Comment et d’après quels exemples ou points de
vue avez-vous intégré le personnel de détention
à votre fiction ?
J’ai rencontré en prison des surveillants, des
directeurs, des travailleurs sociaux. Je respecte ces gens qui exercent
une fonction particulièrement difficile que nous tous, citoyens
français, leur avons confié. Ils sont nombreux et différents
les uns des autres. Leurs missions sont multiples et difficiles, les
moyens qu’ils ont pour les exercer insuffisants. Ceux qui apparaissent
dans mon livre ne sont ni meilleurs ni pire que d’autres.
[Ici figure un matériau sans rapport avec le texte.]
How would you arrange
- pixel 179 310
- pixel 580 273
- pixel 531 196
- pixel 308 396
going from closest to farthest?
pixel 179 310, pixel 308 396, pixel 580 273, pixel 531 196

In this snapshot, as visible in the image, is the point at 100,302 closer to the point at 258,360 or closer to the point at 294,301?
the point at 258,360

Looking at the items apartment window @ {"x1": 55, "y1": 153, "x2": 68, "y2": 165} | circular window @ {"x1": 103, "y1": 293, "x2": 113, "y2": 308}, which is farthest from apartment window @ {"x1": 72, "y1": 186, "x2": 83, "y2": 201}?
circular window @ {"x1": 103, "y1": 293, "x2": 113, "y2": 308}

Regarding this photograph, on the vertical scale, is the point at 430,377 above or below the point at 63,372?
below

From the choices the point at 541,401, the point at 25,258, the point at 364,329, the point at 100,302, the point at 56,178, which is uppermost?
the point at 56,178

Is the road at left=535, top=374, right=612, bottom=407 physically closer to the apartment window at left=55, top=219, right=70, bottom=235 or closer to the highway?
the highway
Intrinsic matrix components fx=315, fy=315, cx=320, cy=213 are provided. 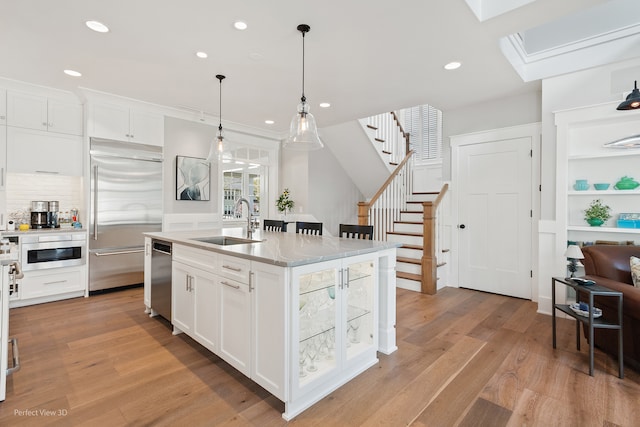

Ils
subissent un système, un règlement, la pesanteur des architectures.
Je crois qu’ils ont au fond d’eux ce sentiment de l’absurde
qu’on leur fait vivre au quotidien. Certains se battent, d’autres
se protègent, certains réagissent avec violence, d’autres
avec infiniment d’humanité.
Il existe dans les prisons des bibliothèques, des ateliers
d’écriture, des activités culturelles. La situation
est-elle idéale?
Tout cela existe, régulièrement ou ponctuellement.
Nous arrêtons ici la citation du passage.